*What to do*
The listing below holds a line with "33085 Mercedes-Benz C107" and a line with "Sánchez describe en". Reproduce those two lines exactly, plus everything between them.

═════ Exercise material ═════

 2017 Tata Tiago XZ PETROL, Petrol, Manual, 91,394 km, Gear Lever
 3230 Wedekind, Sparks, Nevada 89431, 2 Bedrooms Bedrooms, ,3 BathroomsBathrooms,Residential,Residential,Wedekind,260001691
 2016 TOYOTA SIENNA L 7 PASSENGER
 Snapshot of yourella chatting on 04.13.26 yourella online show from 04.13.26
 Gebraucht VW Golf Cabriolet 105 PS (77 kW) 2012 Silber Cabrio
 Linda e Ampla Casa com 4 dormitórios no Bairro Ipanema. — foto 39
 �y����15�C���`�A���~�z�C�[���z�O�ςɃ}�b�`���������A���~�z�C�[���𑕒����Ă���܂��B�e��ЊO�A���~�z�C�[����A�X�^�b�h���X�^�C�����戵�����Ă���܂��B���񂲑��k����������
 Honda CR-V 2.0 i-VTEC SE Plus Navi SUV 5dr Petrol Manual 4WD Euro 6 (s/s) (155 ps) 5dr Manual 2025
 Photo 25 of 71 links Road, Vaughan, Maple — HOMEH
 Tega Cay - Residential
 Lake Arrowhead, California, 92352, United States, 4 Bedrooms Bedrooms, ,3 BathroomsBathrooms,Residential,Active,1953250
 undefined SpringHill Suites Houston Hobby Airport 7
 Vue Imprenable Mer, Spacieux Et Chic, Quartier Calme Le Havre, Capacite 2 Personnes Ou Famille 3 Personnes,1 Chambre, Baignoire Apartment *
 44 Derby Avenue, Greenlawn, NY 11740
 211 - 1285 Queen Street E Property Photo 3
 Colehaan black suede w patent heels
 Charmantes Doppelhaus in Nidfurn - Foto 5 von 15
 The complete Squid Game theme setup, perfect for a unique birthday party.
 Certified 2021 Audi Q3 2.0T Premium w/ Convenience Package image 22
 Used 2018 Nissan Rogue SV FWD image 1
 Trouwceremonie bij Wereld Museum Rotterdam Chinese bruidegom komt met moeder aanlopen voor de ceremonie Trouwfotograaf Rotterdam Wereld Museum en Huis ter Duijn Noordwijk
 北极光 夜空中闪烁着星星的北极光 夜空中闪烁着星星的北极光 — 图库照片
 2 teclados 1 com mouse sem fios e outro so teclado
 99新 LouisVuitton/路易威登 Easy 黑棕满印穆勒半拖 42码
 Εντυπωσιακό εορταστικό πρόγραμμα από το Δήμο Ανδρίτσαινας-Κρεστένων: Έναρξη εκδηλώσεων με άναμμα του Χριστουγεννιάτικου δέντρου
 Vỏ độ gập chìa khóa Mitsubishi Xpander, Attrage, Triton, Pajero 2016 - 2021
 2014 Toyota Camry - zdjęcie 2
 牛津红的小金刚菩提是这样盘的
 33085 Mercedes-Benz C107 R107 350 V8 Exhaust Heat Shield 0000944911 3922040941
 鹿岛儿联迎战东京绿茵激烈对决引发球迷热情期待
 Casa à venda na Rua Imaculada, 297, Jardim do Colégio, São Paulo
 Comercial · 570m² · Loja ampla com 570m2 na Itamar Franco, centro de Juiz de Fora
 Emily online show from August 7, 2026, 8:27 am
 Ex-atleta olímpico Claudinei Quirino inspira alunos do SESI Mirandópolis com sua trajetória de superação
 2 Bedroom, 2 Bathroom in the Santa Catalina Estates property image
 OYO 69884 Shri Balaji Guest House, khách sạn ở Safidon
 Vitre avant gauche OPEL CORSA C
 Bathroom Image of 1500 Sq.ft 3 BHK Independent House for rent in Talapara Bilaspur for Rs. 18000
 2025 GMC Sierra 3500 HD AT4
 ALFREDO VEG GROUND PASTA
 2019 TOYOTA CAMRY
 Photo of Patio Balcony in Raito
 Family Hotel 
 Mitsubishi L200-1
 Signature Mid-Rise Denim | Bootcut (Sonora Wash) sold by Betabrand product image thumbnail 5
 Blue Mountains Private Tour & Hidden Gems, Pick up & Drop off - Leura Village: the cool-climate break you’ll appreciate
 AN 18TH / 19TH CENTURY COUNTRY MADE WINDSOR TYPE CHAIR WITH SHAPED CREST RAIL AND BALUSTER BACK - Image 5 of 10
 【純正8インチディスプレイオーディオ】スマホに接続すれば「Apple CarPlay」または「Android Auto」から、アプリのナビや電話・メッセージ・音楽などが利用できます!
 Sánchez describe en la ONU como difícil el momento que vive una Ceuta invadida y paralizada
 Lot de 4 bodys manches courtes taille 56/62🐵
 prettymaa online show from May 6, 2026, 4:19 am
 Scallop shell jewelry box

═════

*Solution to the problem*
 33085 Mercedes-Benz C107 R107 350 V8 Exhaust Heat Shield 0000944911 3922040941
 鹿岛儿联迎战东京绿茵激烈对决引发球迷热情期待
 Casa à venda na Rua Imaculada, 297, Jardim do Colégio, São Paulo
 Comercial · 570m² · Loja ampla com 570m2 na Itamar Franco, centro de Juiz de Fora
 Emily online show from August 7, 2026, 8:27 am
 Ex-atleta olímpico Claudinei Quirino inspira alunos do SESI Mirandópolis com sua trajetória de superação
 2 Bedroom, 2 Bathroom in the Santa Catalina Estates property image
 OYO 69884 Shri Balaji Guest House, khách sạn ở Safidon
 Vitre avant gauche OPEL CORSA C
 Bathroom Image of 1500 Sq.ft 3 BHK Independent House for rent in Talapara Bilaspur for Rs. 18000
 2025 GMC Sierra 3500 HD AT4
 ALFREDO VEG GROUND PASTA
 2019 TOYOTA CAMRY
 Photo of Patio Balcony in Raito
 Family Hotel 
 Mitsubishi L200-1
 Signature Mid-Rise Denim | Bootcut (Sonora Wash) sold by Betabrand product image thumbnail 5
 Blue Mountains Private Tour & Hidden Gems, Pick up & Drop off - Leura Village: the cool-climate break you’ll appreciate
 AN 18TH / 19TH CENTURY COUNTRY MADE WINDSOR TYPE CHAIR WITH SHAPED CREST RAIL AND BALUSTER BACK - Image 5 of 10
 【純正8インチディスプレイオーディオ】スマホに接続すれば「Apple CarPlay」または「Android Auto」から、アプリのナビや電話・メッセージ・音楽などが利用できます!
 Sánchez describe en la ONU como difícil el momento que vive una Ceuta invadida y paralizada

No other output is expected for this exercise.